→ AVAILABLE RECORDS:
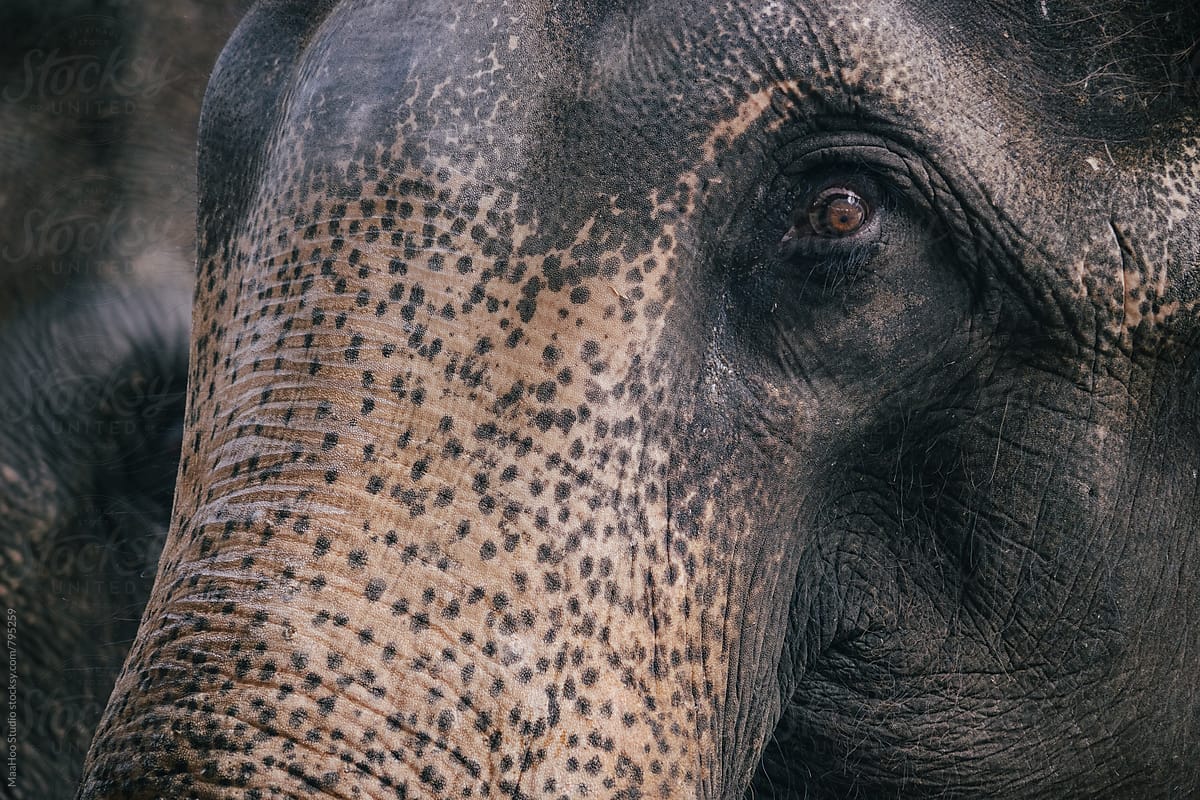 Elephant Color Eyes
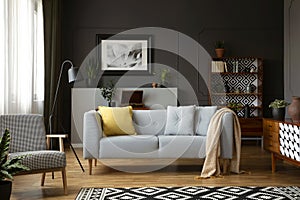 Grey sofa with pillows standing in dark living roo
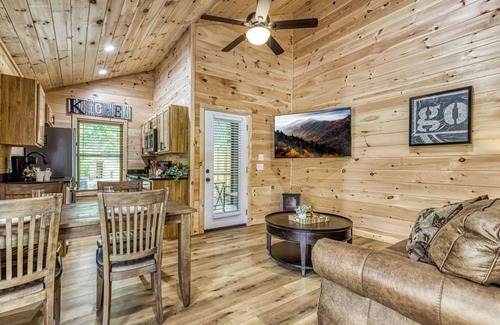 Cosby Cottage | Painted Sky- Pickleball Court, Creek, WIFI, Mountain Views, Starting at $79"
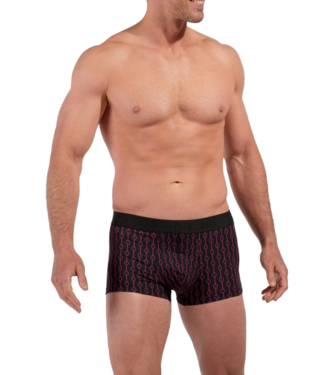 HOM Dunes Trunk Red Print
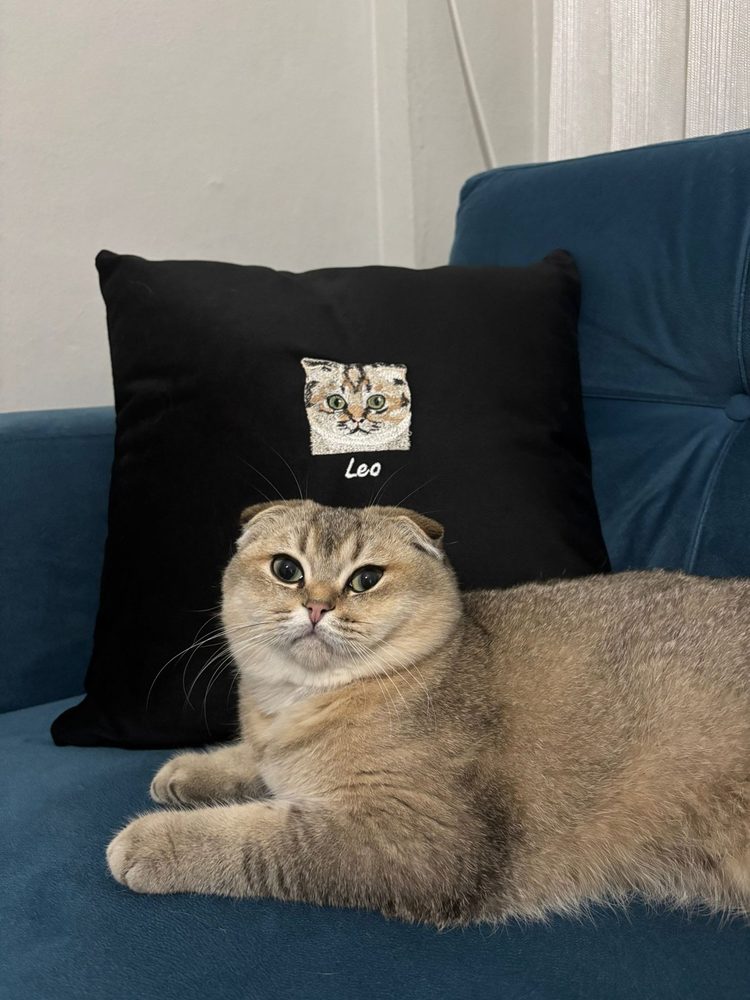 Leo ve Hibery Kırlent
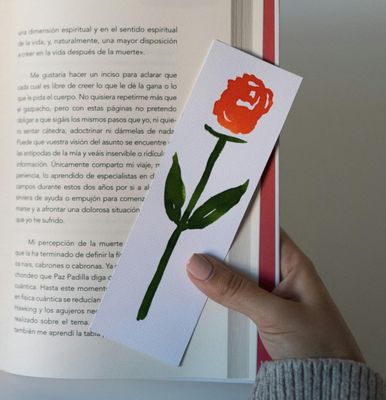 Boeken accessoires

→ PROBLEM: Keep every word of the records above exactly, and return them with no pictures.

→ RESPONSE BOX:
 Elephant Color Eyes
 Grey sofa with pillows standing in dark living roo
 Cosby Cottage | Painted Sky- Pickleball Court, Creek, WIFI, Mountain Views, Starting at $79"
 HOM Dunes Trunk Red Print
 Leo ve Hibery Kırlent
 Boeken accessoires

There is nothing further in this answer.